A BID to extend and modernise a home by the Lymington River to create a “house for tomorrow” has been passed on its fifth attempt.

Mr and Mrs Teal’s application for Sumaya in Undershore Road includes proposals for an upper terraced area, replacement contemporary green flat roof and full height windows on both floors.

It was previously refused because it exceeded the 30% limit on additional floorspace and was of an inappropriate design.

But at a national park authority planning meeting, members heard the size of the proposed development had been reduced and the design tweaked to include tinted windows.

Previous fears that views to the Burrard Neal Monument 120 metres from the address would be affected had since proved unfounded.

Officers recommended refusal of the plan on the grounds its “extensive glazing, concrete materiality and stark, angular design” would fail to preserve the character of the conservation area or setting of the monument. However, members voted nine in favour, with one abstention.

Mrs Teal told the meeting future generations would benefit from environmental measures included in the design.

“My husband and I are both in our 70s and have no time to lose if we are going to live in an efficient and acceptable home,” she said.

“We look over a busy road and the large development of Lymington Shores. Undershore Road has every type of development in it – every house bar one has been extended and developed.

”Our proposal is no threat to the Forest’s intrigue and charm and we’re confident that in 25 years’ time this will be viewed as a classic design of the 2020s.”

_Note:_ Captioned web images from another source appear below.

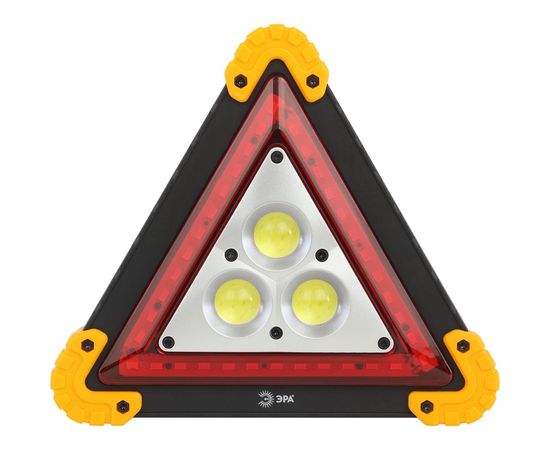 Аккумуляторный светодиодный автомобильный фонарь ЭРА AA-801 аварийный знак 15Вт power bank Б0052742 – изображение 2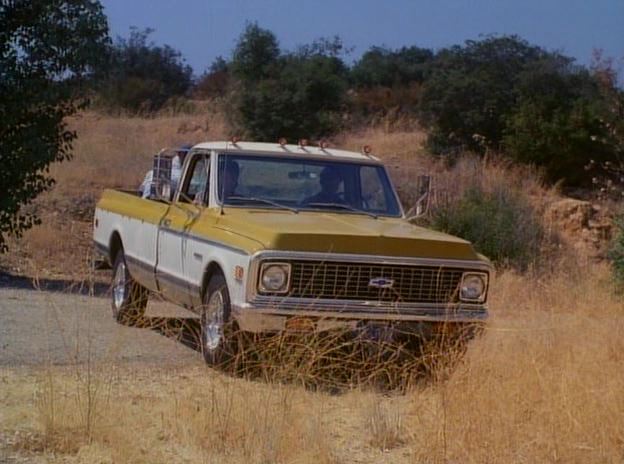 1971 Chevrolet C-Series Fleetside Cheyenne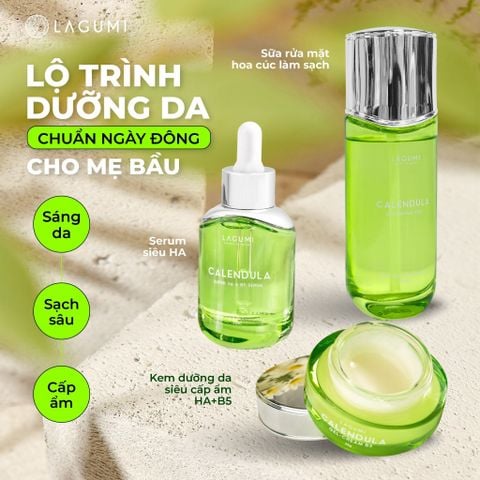 ❄️ LỘ TRÌNH DƯỠNG DA MÙA ĐÔNG AN TOÀN CHO MẸ BẦU ❄️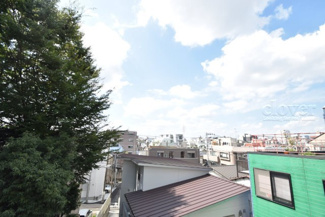 【展望】 | バルコニーからの眺望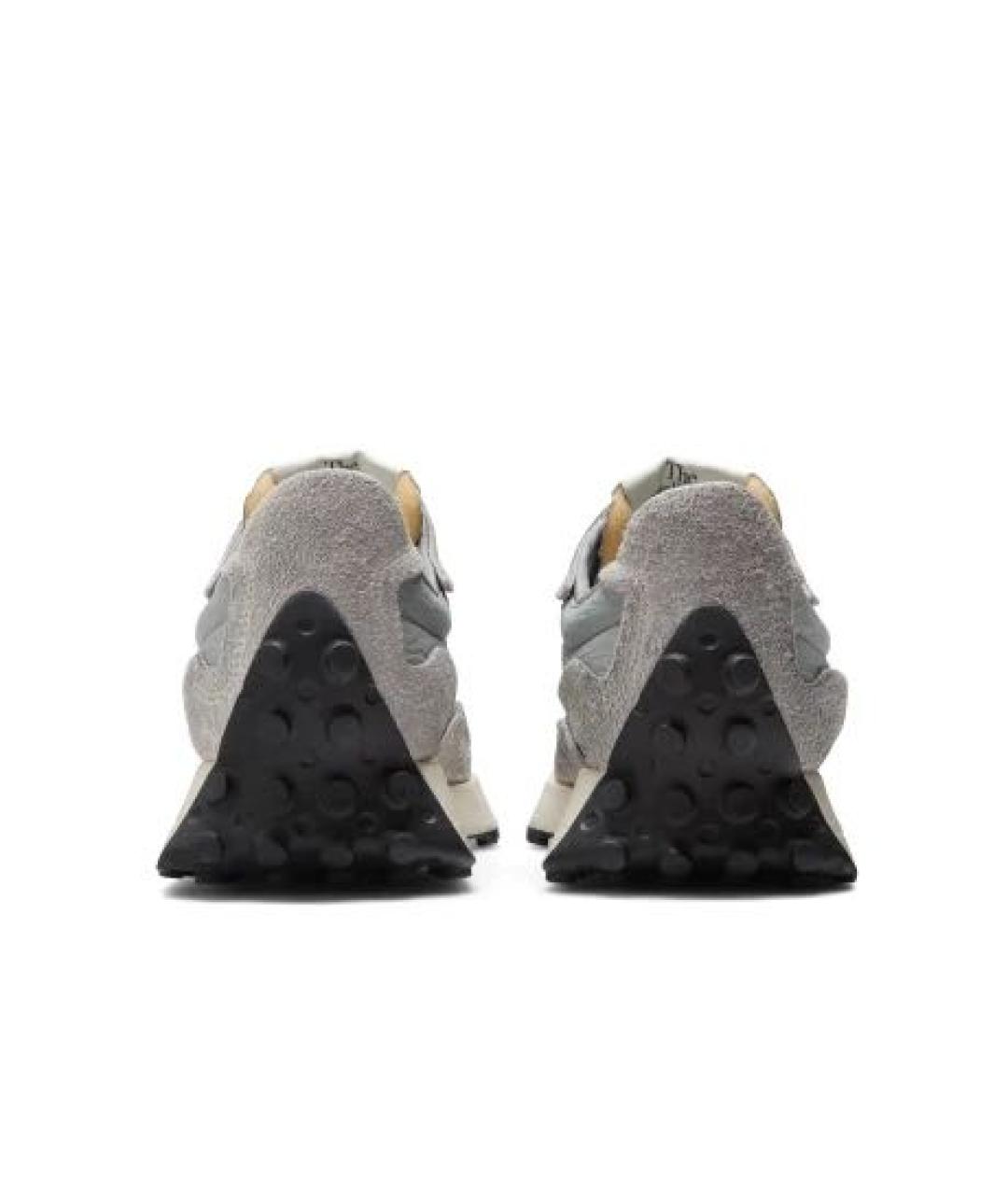 NEW BALANCE Серые замшевые кроссовки, фото 5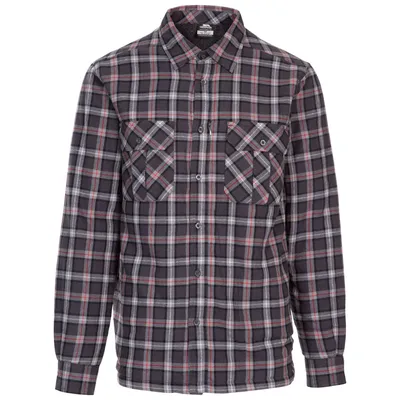 Image de Trespass - Chemise « Rapeseed » pour homme TP4756 (XS) (gris foncé)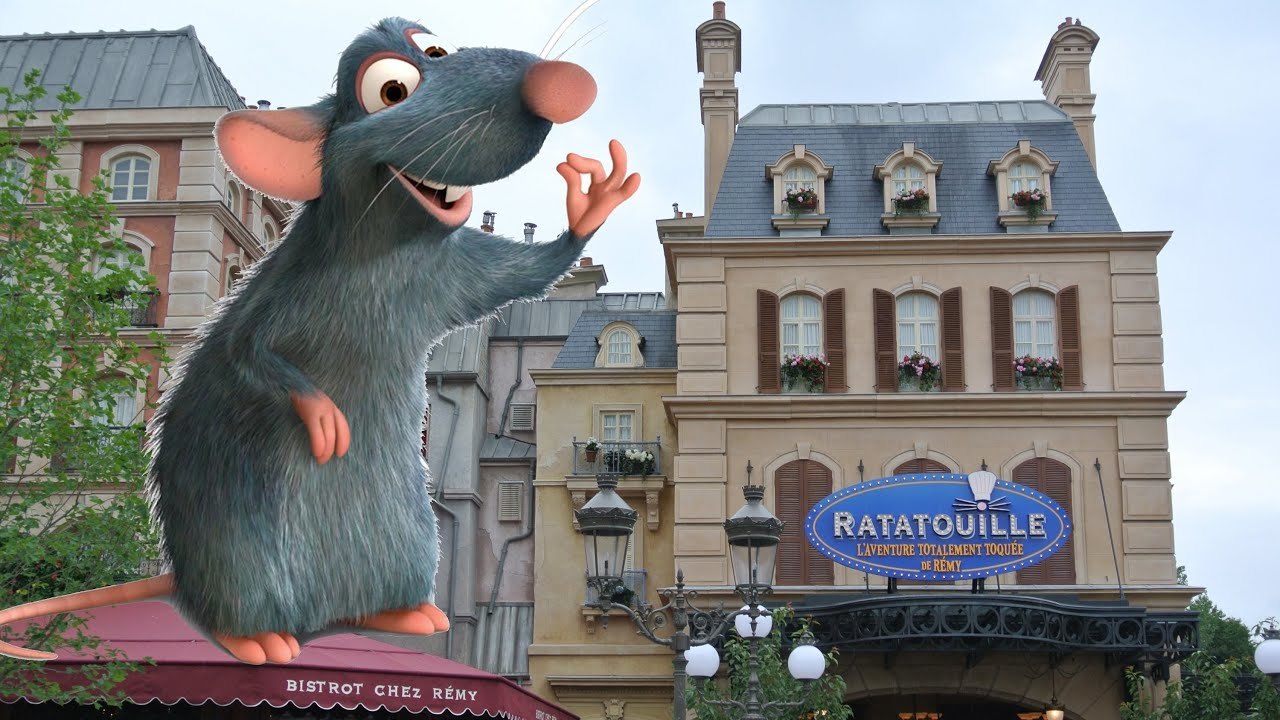 Moda Ratatouille: The Adventure | Disneyland Paris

She urged members to “take a leap”, saying: “We are asking you to build a house for tomorrow, not for today.”

But proposing refusal, Richard Frampton said: “When this came to us last year there was quite a debate about the floor space area and the need to bring that down – maybe we didn’t give a clear enough picture to the applicant that the design was a bit over the top. Officers have been consistent with their view: it’s still top loaded and it looks different to the existing and out of keeping”.

But, said George Bisson: “Just because it’s modern and different that doesn’t mean to say it doesn’t fit in or improve the landscape.”

Barry Rickman liked the “imaginative design”, saying: “Compared to what is in that area already, with the amount of glass, it’s difficult to say no.”